Talk to your tl now.


----------



## MrT (May 10, 2022)

Are they able to pick up your shift.  If they are not keyed into your workcenter it wont show up for them.  Ask your tl if its ok for them to take your shift


----------



## Zxy123456 (May 10, 2022)

Is this person already scheduled close to 40 hours? If they are it won’t show up for them to pick up because if the picked it up it would put them over 40. If you are swapping shifts with this person just speak with a leader and they can change it for you. If you want to make sure your shift is posted in the app just ask a fellow team member who has low hours to check the app just to see if your shift is there. I always get close to 40 hours so the app never shows me any available shifts.


----------



## kokokonut (May 10, 2022)

Hardlinesmaster said:


> Talk to your tl now.


I just did and she just said she would do it manually, and brushed it off.


----------



## kokokonut (May 10, 2022)

Zxy123456 said:


> Is this person already scheduled close to 40 hours? If they are it won’t show up for them to pick up because if the picked it up it would put them over 40. If you are swapping shifts with this person just speak with a leader and they can change it for you. If you want to make sure your shift is posted in the app just ask a fellow team member who has low hours to check the app just to see if your shift is there. I always get close to 40 hours so the app never shows me any available shifts.


Yes I talked to a leader. And no she is not close to 40 hours.


----------



## kokokonut (May 10, 2022)

MrT said:


> Are they able to pick up your shift.  If they are not keyed into your workcenter it wont show up for them.  Ask your tl if its ok for them to take your shift


Yes I did! They are gonna do it manually but they didn’t really tell me how to fix it :/


----------



## happygoth (May 10, 2022)

The new system sucks. They should just bring back the swap shift chart.


----------



## Hardlinesmaster (May 10, 2022)

kokokonut said:


> Yes I did! They are gonna do it manually but they didn’t really tell me how to fix it :/


it could been too late to use the swap shift option on the app.


----------



## MrT (May 10, 2022)

kokokonut said:


> Yes I did! They are gonna do it manually but they didn’t really tell me how to fix it :/


Theres a bunch of reasons your shift might not have been visible to them.

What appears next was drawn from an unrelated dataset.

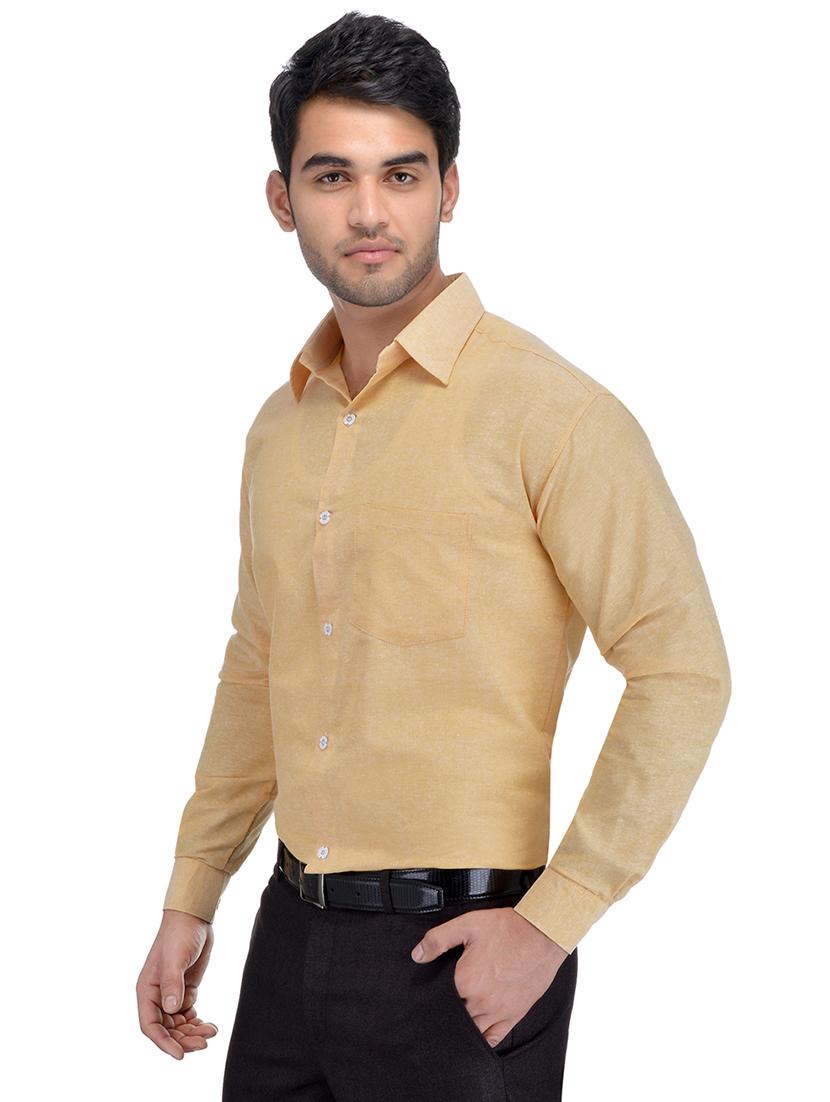 blue and yellow solid combo formal shirts - 16510260 - Zoom Image - 4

They are already scheduled during that time.  
Its too late to swap
That tm isnt keyed into your workcenter.

Id say most likely there is a problem with the other tms profile.  Everyone cam pick up a cashier shift or fulfillment shift i believe and all other work centers have to be added to there profile and keyed in because it requires you to be trained in those areas.


----------



## Hardlinesmaster (May 10, 2022)

MrT said:


> Theres a bunch of reasons your shift might not have been visible to them.
> 
> They are already scheduled during that time.
> Its too late to swap
> ...


to add profile, go to a zebra. then select profile button on the upper right. Select change area & add the work center to your profile. then hit save a at the bottom.


----------



## Guest Avocado (May 10, 2022)

Hardlinesmaster said:


> to add profile, go to a zebra. then select profile button on the upper right. Select change area & add the work center to your profile. then hit save a at the bottom.



Nope, not for shifts. It will only do shifts that you keyed as in myTime as knowing. That would require HR or a TL/ETL to edit/add Workcenters for you. It has nothing to do with what you have selected in myDay to receive notifications and phone calls for.


----------